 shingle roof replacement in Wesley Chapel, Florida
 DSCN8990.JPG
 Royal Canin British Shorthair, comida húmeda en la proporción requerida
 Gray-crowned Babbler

...

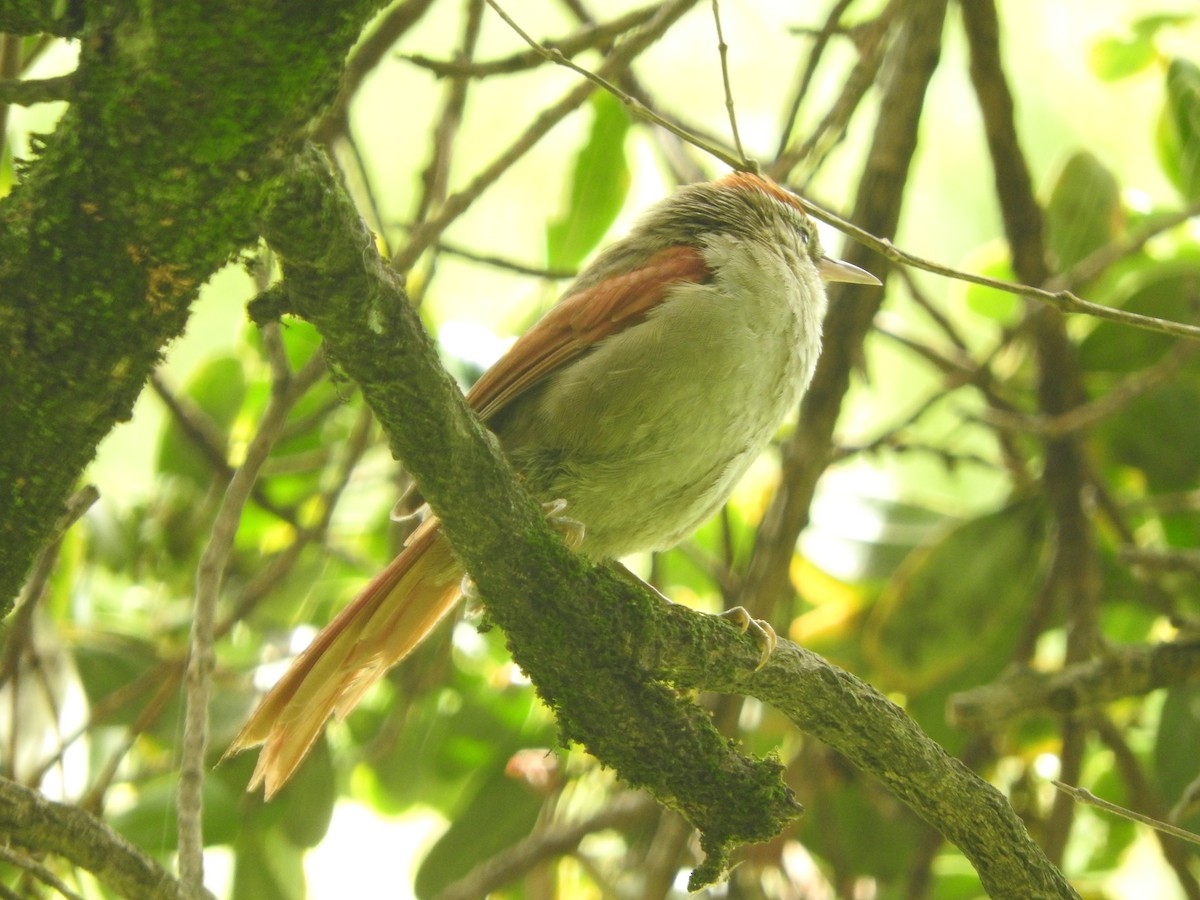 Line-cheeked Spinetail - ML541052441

==

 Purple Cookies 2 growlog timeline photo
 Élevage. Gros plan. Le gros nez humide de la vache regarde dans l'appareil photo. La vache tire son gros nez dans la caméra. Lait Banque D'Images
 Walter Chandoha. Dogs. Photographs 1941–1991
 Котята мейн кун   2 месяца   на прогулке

● Exercise aim:
Among the entries above, the line containing "shingle roof replacement", the line containing "Gray-crowned Babbler", and all lines between them are to be restated word for word; nothing else belongs in the reply.

● Solution to this problem:
 shingle roof replacement in Wesley Chapel, Florida
 DSCN8990.JPG
 Royal Canin British Shorthair, comida húmeda en la proporción requerida
 Gray-crowned Babbler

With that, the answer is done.